Alibaba Group Holding Limited (BABA)

Net income dropped by around two-thirds year-over-year. Revenue growth decelerated. The stock declined. On the surface, it looks challenging.
But the profit decrease was largely intentional. Alibaba is investing heavily in two areas it views as its future: cloud and AI infrastructure, and quick commerce — the fast-delivery segment of its business.
The quick commerce push is costly. Logistics, user acquisition, and competitive pricing are all eroding margins. That’s a purposeful trade-off, not a sign the business is struggling.
The same reasoning applies to cloud services. Building data centers and developing AI models like Qwen requires substantial upfront costs before those investments yield returns.
Cloud and AI Driving Growth
While profits fell across all segments, Alibaba’s cloud intelligence division was a clear bright spot.
Cloud revenue increased 36% year-over-year. AI-related workloads — the most demanding and highest-value part of that business — posted triple-digit growth for the tenth consecutive quarter.
That’s not a fluke. Companies using AI need far more computing power than traditional workloads, leading to larger contracts, higher per-customer spending, and stronger retention.
Alibaba is also expanding enterprise AI tools and scaling Qwen, its flagship AI model. Leadership has quantified its ambitions: over $100 billion in annual cloud and AI revenue within five years.
That would mark a major shift for a company long defined by e-commerce.
E-Commerce Growth Slows
Alibaba’s traditional retail business remains large, but it’s no longer the engine driving the company forward.
Chinese e-commerce revenue grew 6% overall last quarter. Taobao and Tmall, the core platforms, managed just 1% year-over-year growth.

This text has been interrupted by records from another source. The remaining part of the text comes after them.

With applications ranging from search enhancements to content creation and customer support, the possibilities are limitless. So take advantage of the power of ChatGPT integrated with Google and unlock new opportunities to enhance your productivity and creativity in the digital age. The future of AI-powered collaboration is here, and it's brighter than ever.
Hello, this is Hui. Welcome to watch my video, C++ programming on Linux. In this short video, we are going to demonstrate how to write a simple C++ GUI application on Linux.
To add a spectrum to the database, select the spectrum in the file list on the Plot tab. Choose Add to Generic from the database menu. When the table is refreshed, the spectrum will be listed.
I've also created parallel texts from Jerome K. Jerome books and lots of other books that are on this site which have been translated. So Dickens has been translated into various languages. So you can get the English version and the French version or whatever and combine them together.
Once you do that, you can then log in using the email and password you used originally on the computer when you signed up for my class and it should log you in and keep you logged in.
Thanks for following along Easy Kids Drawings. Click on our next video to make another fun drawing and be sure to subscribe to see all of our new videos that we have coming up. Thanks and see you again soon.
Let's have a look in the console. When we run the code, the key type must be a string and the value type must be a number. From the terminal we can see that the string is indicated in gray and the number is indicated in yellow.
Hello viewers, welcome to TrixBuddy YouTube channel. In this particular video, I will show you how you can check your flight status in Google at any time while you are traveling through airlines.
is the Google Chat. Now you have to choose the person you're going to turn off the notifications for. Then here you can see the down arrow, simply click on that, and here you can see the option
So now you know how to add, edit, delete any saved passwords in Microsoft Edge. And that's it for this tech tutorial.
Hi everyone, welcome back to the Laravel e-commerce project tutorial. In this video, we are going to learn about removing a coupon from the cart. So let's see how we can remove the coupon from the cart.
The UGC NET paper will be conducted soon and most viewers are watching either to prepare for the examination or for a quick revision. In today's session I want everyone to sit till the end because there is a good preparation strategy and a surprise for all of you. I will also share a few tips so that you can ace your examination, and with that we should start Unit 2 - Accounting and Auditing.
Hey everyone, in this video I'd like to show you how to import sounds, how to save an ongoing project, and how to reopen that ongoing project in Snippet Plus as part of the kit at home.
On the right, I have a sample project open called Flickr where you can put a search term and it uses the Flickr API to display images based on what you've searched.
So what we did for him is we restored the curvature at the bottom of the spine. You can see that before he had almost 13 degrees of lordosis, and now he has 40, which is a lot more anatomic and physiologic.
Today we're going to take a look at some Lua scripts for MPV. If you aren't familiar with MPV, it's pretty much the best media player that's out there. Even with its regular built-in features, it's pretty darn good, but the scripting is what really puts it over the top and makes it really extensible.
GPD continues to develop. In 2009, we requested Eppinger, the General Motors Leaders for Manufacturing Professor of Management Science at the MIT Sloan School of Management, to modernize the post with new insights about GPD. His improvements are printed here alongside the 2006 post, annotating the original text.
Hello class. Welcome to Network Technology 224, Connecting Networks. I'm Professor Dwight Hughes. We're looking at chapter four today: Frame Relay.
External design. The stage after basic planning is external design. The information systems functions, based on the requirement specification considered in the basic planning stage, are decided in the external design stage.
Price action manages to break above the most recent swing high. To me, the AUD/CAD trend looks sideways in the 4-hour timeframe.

Alibaba has been using AI to enhance the shopping experience and keep users engaged on those platforms. The Qwen model plays a role here too, powering product recommendations and search.
These efforts are keeping operations stable, but they’re not reigniting growth.
The quick commerce segment is growing faster, but costs are high and competition is stiff. Margins in that business remain under pressure.
Alibaba’s most recent data shows cloud growth accelerating, e-commerce plateauing, and investment spending at elevated levels with no immediate sign of pulling back.